Pour avoir toute latitude de développer leurs ressources, les musées nationaux veulent plus d’indépendance. Quatre, et non des moindres, y sont parvenus. L’expérience menée au Louvre a servi de ballon d’essai. En 1993, il devient Etablissement public administratif (EPA). Le Château de Versailles le rejoint en 1995, avant Orsay et Guimet qui sont venus gonfler les rangs début 2004. Ce statut méconnu leur permet de définir eux-mêmes leurs tarifs votés dans un Conseil d’administration qui offre deux voix aux représentants du ministère de la Culture et du Budget. Les EPA ne versent rien au pot commun géré par la Réunion des musées nationaux en charge de la redistribution. « Avant, la mutualisation permettait que les recettes du Louvre servent à acheter une pièce pour le musée de Pau. Ce n’est plus le cas, pointe Nicolas Monquaut, Secrétaire général de la CGT-Culture.
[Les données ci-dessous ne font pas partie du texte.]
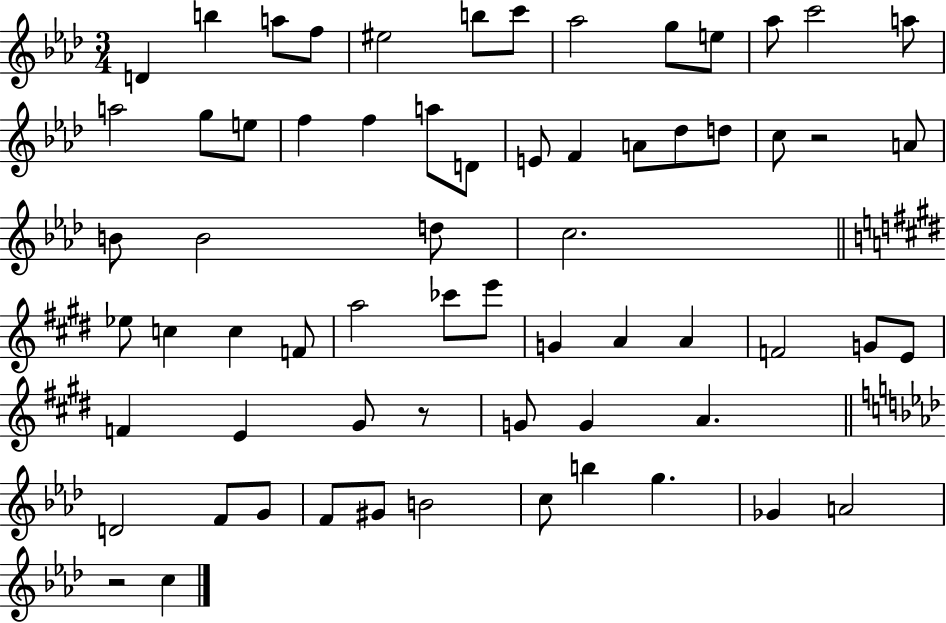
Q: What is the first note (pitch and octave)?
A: D4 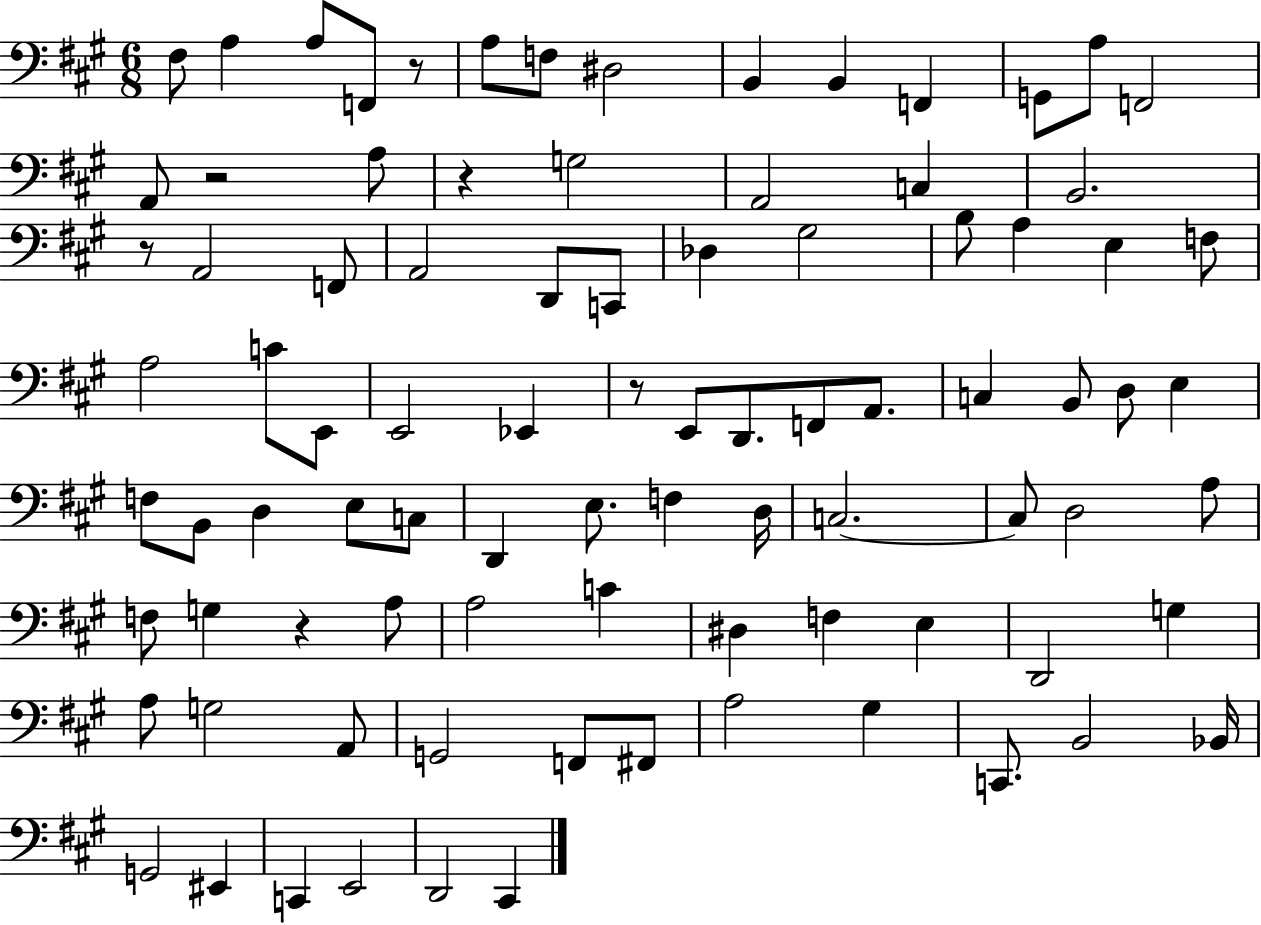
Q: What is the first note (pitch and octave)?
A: F#3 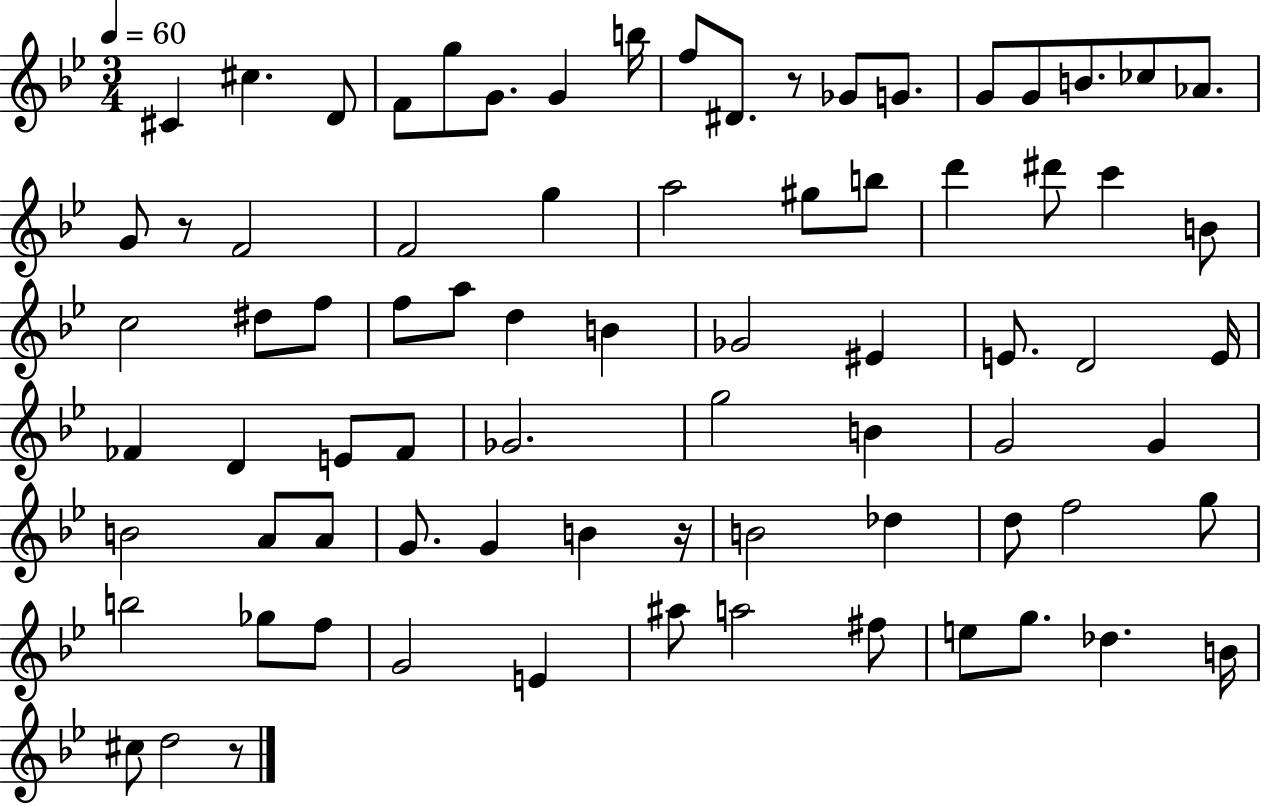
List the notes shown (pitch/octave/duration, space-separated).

C#4/q C#5/q. D4/e F4/e G5/e G4/e. G4/q B5/s F5/e D#4/e. R/e Gb4/e G4/e. G4/e G4/e B4/e. CES5/e Ab4/e. G4/e R/e F4/h F4/h G5/q A5/h G#5/e B5/e D6/q D#6/e C6/q B4/e C5/h D#5/e F5/e F5/e A5/e D5/q B4/q Gb4/h EIS4/q E4/e. D4/h E4/s FES4/q D4/q E4/e FES4/e Gb4/h. G5/h B4/q G4/h G4/q B4/h A4/e A4/e G4/e. G4/q B4/q R/s B4/h Db5/q D5/e F5/h G5/e B5/h Gb5/e F5/e G4/h E4/q A#5/e A5/h F#5/e E5/e G5/e. Db5/q. B4/s C#5/e D5/h R/e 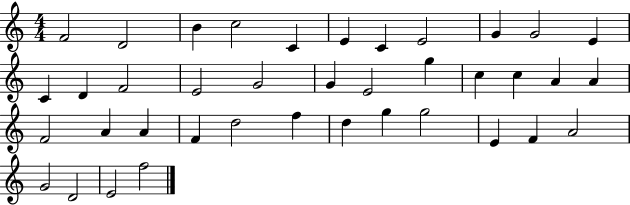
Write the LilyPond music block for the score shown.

{
  \clef treble
  \numericTimeSignature
  \time 4/4
  \key c \major
  f'2 d'2 | b'4 c''2 c'4 | e'4 c'4 e'2 | g'4 g'2 e'4 | \break c'4 d'4 f'2 | e'2 g'2 | g'4 e'2 g''4 | c''4 c''4 a'4 a'4 | \break f'2 a'4 a'4 | f'4 d''2 f''4 | d''4 g''4 g''2 | e'4 f'4 a'2 | \break g'2 d'2 | e'2 f''2 | \bar "|."
} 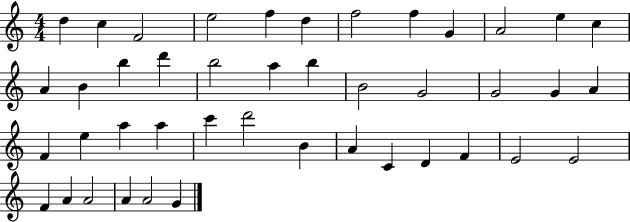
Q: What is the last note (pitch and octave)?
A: G4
Les EPA encaissent leurs propres recettes. Ils ont donc tout intérêt à augmenter leurs tarifs. » Au ministère, François Rouet assure que « l’autonomie a tendance à devenir la norme » et que même les musées municipaux et régionaux l’appellent de leurs vœux. On imagine mal cette logique du « chacun pour soi » s’accorder longtemps avec le souci d’élargir l’accès à la culture. Alors, peine perdue ? « Au Louvre comme ailleurs, une marge de manœuvre existe au-delà du poids de l’économie », affirme Claude Fourteau qui en sait quelque chose. « Mais pour faire passer certaines mesures comme la gratuité, il faut parfois violenter les institutions. »
(1) Les tarifs de la culture, sous la direction de François Rouet, La documentation française, 2002, 20 €.
(2) La hausse des tarifs vaut d’ailleurs aussi pour le théâtre et le cinéma dont le prix moyen a triplé en vingt ans.